Seeding battle: Toronto would lose the tiebreaker against both the Rays, who beat them 10-9 in the season series, and the Mariners, who beat them 5-2.
In each corner of the dripping-wet clubhouse was a player reaching a milestone on their journey, whether they’ve been in this organization for two months or a decade. These are the exact moments George Springer was brought in to lead, and the star outfielder called it “an honor” to be part of this club, thinking back on the conversations that lured him to Toronto two seasons ago.
“It’s exactly what was said. It’s exactly what was hoped for.
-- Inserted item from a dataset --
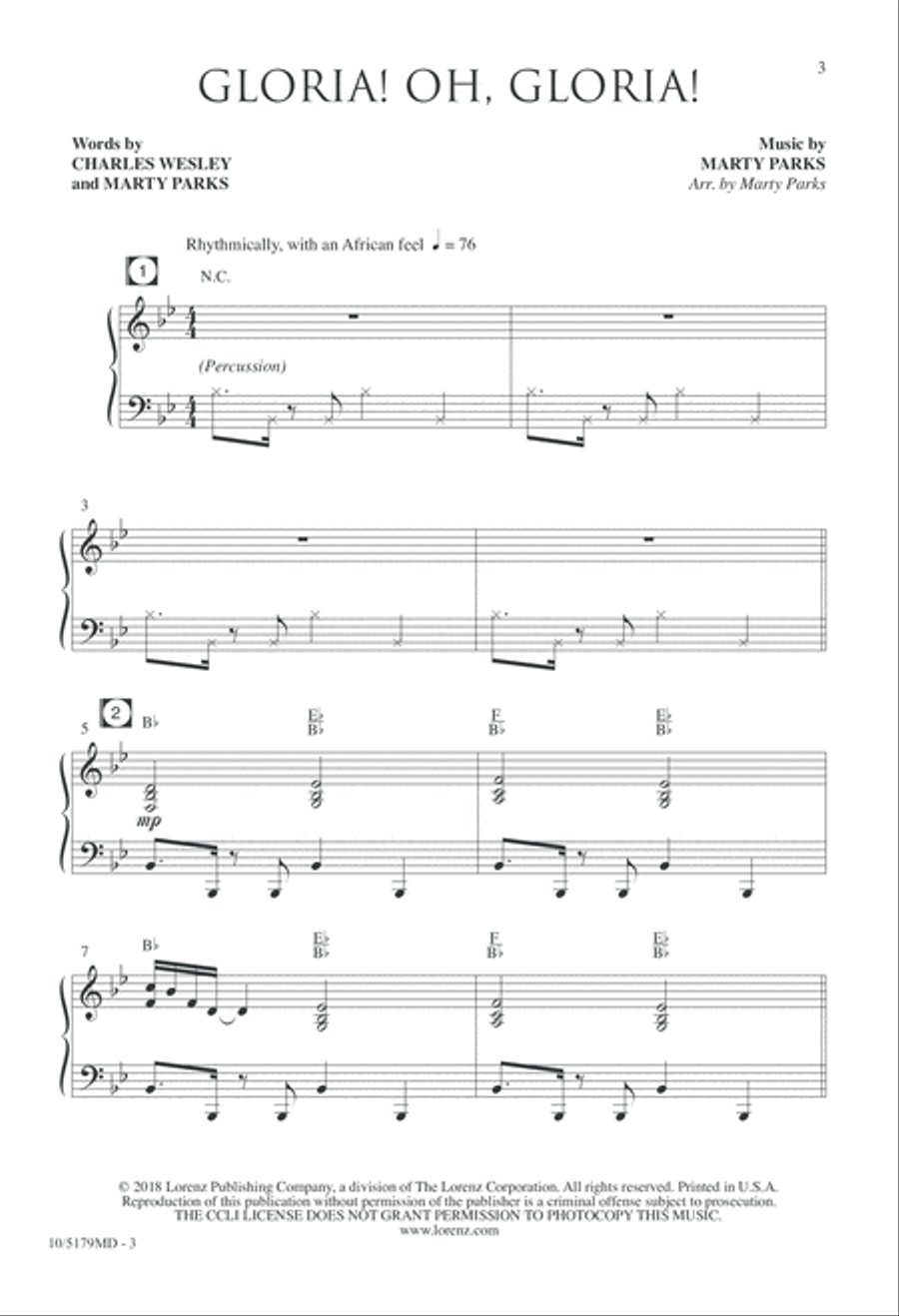 Gloria! Oh, Gloria! 4-Part scores gallery preview page 3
It’s exactly what was promised,” Springer said. “It was, ‘There is a core here that has the talent to do it, and we want to surround them with anybody that we can to ultimately get to where our goal is, to win in the postseason and bring a championship here.’ It’s been everything I could have ever asked for.”
That young core of Bo Bichette and Vladimir Guerrero Jr. doused each other in beer and embraced, sharing a moment together while the dance party unfolded around them. Just as Guerrero has heard recently from José Bautista and Edwin Encarnación about what the city of Toronto becomes in the postseason, Bichette heard from Troy Tulowitzki, another member of those postseason teams in 2015 and ‘16.
“He told me that it was crazy,” Bichette said. “Just to have this opportunity to play here in the playoffs is something that I think we’ve all been thinking about since we got drafted by the Blue Jays. A lot of the guys who were drafted, like me, it was around 2015 and ’16. To have the opportunity in front of us, we have to take care of business, but it’s something that I’ve spent a lot of time thinking about.”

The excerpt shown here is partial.